The partnership enables the airlines to sell tickets for each others’ flights under a codeshare agreement. This will vastly increase the numbers of flight each can offer to its customers through their mobile apps and websites. In their own press release, Virgin Atlantic suggest the joint venture will offer:
- Up to 341 peak daily trans-Atlantic services, covering the top 10 routes on a nonstop basis
- Onward connections to 238 cities in North America, 98 in continental Europe and 16 in the UK
- A choice of 110 nonstop trans-Atlantic routes
Members of any of the four airlines’ frequent flyer programmes will be able to earn and redeem miles on any of the carriers, including trans-Atlantic trip, intra-Europe hops, or domestic U.S. journeys. Notably, members will also be able to earn status tier points on any of the four carriers. It’s also suggested elite status holders will be able to use 100+ lounges throughout the network.
Until December, it was expected that Air France would take a stake in Virgin Atlantic as part of the deal. This rumour was disproven when Virgin founder Richard Branson announced there would be no reduction in his family’s controlling 51% stake in the airline.

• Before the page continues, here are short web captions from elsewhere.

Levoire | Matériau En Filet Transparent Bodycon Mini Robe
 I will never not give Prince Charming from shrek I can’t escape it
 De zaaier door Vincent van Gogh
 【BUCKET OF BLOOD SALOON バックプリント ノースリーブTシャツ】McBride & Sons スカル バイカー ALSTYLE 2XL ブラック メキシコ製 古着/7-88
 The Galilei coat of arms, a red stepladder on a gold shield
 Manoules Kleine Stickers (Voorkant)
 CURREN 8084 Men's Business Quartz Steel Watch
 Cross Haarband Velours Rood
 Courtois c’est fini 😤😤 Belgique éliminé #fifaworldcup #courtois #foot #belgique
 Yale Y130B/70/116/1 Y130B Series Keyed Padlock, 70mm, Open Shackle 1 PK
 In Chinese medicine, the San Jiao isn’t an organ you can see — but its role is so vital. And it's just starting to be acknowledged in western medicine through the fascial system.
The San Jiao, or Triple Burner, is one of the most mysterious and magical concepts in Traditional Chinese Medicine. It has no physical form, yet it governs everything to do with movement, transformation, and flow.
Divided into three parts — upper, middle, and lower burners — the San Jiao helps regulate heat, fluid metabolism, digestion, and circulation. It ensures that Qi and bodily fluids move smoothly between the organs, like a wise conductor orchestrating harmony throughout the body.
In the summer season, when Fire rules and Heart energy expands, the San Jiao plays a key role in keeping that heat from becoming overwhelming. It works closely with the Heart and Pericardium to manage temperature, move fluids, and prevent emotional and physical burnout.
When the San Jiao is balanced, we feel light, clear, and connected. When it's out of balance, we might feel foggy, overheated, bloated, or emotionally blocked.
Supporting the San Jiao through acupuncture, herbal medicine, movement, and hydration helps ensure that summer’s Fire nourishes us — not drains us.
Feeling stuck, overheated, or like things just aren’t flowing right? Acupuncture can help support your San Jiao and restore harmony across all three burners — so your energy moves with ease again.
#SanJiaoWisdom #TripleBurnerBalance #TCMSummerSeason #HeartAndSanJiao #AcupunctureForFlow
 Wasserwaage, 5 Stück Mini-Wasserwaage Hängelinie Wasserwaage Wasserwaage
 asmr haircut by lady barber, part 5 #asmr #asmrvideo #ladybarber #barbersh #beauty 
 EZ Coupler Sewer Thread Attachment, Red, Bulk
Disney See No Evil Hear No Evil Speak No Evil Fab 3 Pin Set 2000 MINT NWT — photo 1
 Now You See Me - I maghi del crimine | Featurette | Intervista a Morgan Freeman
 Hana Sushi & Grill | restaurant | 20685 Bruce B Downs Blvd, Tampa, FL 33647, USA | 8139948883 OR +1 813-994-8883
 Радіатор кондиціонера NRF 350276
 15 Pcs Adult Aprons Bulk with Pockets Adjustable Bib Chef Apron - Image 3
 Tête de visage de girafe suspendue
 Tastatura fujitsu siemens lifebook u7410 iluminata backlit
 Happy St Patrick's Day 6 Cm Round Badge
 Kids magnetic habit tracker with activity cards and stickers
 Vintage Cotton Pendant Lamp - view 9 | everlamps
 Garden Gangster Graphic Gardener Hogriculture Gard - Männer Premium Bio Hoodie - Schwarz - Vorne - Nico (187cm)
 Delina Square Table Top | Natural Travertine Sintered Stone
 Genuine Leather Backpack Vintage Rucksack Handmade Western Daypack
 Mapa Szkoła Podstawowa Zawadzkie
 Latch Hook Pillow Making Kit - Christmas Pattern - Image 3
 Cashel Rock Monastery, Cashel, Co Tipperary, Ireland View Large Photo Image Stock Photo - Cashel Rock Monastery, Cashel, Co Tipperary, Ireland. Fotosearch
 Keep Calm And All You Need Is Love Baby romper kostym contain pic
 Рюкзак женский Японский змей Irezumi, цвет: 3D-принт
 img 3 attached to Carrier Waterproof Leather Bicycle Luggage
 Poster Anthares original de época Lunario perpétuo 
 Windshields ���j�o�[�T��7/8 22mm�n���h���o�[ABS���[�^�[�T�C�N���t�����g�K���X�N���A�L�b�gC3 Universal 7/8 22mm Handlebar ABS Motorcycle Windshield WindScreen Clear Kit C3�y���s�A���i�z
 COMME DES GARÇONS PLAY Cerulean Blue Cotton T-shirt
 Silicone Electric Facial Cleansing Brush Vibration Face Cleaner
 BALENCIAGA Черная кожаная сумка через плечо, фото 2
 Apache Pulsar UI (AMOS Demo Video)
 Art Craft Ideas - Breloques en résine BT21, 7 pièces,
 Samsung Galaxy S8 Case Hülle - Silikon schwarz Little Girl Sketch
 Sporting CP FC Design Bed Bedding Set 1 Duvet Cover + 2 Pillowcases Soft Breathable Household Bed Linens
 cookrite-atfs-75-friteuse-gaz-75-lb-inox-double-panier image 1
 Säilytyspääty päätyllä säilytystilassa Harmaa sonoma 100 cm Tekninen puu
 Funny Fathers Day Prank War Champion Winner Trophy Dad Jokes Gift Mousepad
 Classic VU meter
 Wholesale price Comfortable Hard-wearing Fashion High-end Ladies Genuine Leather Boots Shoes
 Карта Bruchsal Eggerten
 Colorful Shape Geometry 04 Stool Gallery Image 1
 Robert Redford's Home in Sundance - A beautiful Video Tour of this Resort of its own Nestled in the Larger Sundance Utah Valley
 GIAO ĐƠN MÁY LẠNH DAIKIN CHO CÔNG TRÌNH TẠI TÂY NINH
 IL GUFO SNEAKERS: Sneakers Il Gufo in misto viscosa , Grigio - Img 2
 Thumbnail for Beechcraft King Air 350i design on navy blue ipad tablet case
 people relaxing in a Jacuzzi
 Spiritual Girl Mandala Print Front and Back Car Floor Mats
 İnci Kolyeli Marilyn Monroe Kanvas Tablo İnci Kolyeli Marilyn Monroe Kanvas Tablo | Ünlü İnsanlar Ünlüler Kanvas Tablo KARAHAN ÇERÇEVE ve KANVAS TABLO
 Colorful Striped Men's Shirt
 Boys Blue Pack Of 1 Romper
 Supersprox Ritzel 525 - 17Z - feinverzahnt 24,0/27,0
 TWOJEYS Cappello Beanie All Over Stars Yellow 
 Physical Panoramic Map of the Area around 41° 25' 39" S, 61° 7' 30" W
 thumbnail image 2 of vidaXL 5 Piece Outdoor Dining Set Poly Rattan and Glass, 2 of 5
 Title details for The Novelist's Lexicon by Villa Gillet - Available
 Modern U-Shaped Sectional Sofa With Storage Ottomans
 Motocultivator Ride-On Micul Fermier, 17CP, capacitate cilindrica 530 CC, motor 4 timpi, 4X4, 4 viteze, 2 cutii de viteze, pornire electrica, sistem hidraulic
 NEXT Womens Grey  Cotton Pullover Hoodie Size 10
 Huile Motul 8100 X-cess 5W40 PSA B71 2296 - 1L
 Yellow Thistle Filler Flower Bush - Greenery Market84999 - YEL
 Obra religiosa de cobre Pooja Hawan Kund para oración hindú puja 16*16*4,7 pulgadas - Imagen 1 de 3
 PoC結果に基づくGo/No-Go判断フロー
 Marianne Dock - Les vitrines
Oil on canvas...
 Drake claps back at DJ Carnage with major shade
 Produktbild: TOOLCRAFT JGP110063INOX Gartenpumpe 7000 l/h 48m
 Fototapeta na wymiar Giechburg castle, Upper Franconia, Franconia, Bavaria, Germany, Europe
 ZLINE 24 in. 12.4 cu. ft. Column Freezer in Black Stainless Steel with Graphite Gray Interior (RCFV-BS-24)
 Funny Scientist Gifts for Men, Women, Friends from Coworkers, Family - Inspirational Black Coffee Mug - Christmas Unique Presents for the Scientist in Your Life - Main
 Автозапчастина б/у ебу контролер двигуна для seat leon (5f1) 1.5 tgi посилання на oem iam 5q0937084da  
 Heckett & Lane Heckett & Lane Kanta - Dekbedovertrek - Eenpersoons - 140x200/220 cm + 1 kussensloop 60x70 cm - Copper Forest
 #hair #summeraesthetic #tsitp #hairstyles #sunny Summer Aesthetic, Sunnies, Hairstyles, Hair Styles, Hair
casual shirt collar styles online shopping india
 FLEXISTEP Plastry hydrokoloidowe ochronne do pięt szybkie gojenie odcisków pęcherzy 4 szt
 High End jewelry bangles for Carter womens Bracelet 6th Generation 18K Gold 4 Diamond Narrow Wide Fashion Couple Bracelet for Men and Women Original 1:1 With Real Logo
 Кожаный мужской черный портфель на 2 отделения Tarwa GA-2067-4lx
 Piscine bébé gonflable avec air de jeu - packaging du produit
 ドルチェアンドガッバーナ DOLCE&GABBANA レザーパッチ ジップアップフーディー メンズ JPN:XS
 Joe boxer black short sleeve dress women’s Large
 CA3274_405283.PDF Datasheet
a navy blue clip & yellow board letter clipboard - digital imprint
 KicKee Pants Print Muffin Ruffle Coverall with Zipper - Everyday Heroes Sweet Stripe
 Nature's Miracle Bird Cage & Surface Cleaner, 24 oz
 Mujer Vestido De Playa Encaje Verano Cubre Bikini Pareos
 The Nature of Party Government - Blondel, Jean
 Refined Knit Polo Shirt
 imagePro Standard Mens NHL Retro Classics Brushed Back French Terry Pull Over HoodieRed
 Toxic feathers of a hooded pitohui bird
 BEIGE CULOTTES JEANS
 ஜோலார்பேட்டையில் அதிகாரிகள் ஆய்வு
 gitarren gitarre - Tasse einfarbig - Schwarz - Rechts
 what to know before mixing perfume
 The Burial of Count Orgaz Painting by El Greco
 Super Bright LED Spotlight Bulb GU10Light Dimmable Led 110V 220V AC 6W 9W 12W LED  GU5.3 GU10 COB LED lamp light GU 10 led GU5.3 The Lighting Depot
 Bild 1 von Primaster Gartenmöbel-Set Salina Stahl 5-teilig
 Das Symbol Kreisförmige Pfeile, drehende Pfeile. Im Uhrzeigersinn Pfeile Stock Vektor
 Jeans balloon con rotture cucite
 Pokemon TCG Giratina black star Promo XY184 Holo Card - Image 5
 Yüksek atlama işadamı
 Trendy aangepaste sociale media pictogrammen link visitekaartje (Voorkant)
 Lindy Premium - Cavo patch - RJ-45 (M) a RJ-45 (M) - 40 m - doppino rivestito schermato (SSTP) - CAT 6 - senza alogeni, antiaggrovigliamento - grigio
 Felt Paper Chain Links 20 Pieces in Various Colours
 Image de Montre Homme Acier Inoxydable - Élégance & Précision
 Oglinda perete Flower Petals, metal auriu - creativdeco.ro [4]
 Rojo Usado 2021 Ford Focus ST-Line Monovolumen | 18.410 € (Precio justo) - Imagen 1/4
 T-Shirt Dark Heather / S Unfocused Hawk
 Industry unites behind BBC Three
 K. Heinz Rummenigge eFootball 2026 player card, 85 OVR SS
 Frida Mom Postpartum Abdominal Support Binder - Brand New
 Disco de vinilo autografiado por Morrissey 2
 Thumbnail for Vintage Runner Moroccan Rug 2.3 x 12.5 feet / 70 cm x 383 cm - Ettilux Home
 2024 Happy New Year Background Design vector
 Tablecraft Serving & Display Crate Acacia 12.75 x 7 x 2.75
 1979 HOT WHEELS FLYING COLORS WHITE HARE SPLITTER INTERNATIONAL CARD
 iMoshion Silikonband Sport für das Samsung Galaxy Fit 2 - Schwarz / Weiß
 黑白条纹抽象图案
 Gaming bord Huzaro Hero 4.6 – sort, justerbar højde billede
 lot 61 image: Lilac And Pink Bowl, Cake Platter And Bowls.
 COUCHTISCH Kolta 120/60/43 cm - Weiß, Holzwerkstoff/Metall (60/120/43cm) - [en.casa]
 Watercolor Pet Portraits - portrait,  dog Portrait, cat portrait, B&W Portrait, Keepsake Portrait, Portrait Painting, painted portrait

It’s not the first time some of the airlines in this new joint venture have worked together. Delta, Air France and KLM have been partners since May 2009. Later, Delta acquired a 49% stake in Virgin Atlantic in 2015 and started codesharing on flights.
The new Virgin, Delta, Air France & KLM venture will compete with the existing partnership between British Airways and American Airlines on transatlantic routes.